A collegue of mine recently bought an Omega Speedmaster Mark III. Little is written on this watch, except for this document by Chuck Maddox. Today, we opened his watch to check the condition of the movement. As far as we are able to ofcourse 🙂

It looked all good, but when I started to look for the serial number, I experienced some difficulties. The serial number is normally somewhere on the movement, but all I could find was the caliber number (1040) of the movement. I looked into Time Capsule, one of the books by Imai written on Speedmasters and on page 144 I noticed that normally, the serial number is engraved in the rotor. The rotor of my collegue’s watch had a number engraved below Omega and ‘Swiss’, but this was not the number I expected. It started with an R followed by a a few numbers. Now, I suspect that the R stands for ‘Replacement’ and the number is some sort of serial number for replacement parts, but I am not sure. It isn’t the part number of the rotor, because I looked at the parts list of caliber 1040 on https://www.old-omegas.com and it had a different number than the one on the rotor.
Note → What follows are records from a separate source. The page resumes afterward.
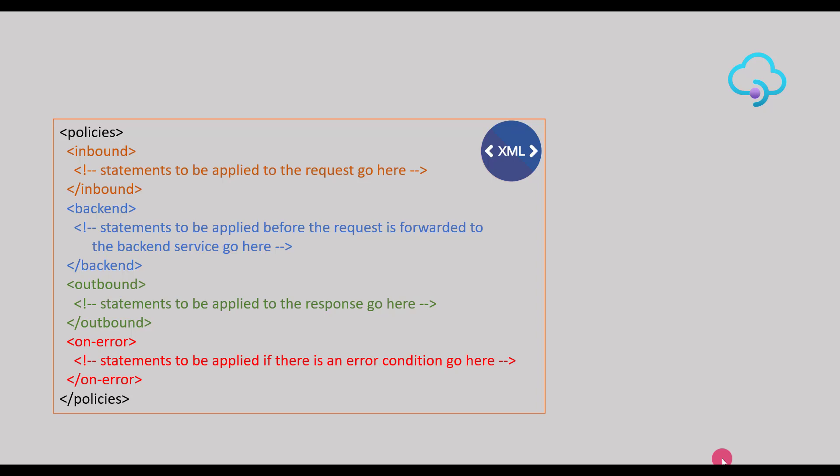Inbound, as the name suggests, manages the incoming request. So any policies which you apply on the incoming request, you should be configuring in this inbound tag. Similarly, any policies which you want to apply on the backend request which is going to the backend, you should apply on the backend tag, and any relevant policies applicable on the outcoming response should be applicable on the outbound tag.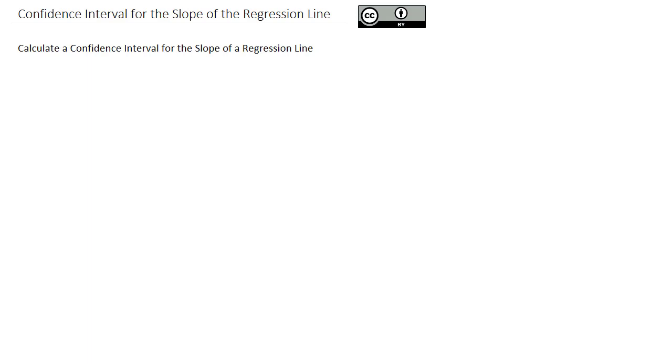Now that we went over the formulas for calculating the confidence interval for the slope of a regression line in our previous video, we're ready to actually make a confidence interval.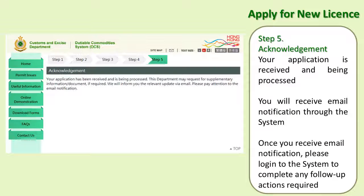Step 5: Acknowledgement. You will receive an acknowledgement informing you that your license application has been well received by the department. We will inform you of relevant updates via email. Once you receive the email notification, please log into the system to complete any follow-up actions required.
Is there anyone out there that can help us out here? The watch is definately original and so is the movement, but the rotor probably got replaced and that left the owner with a serial number-less watch.

The following pictures are taken from Eric Katoso’s website and are NOT the picture of the actual watch I am talking about.

As you can see on the last picture, the serial number (quite vague here) is engraved on the rotor.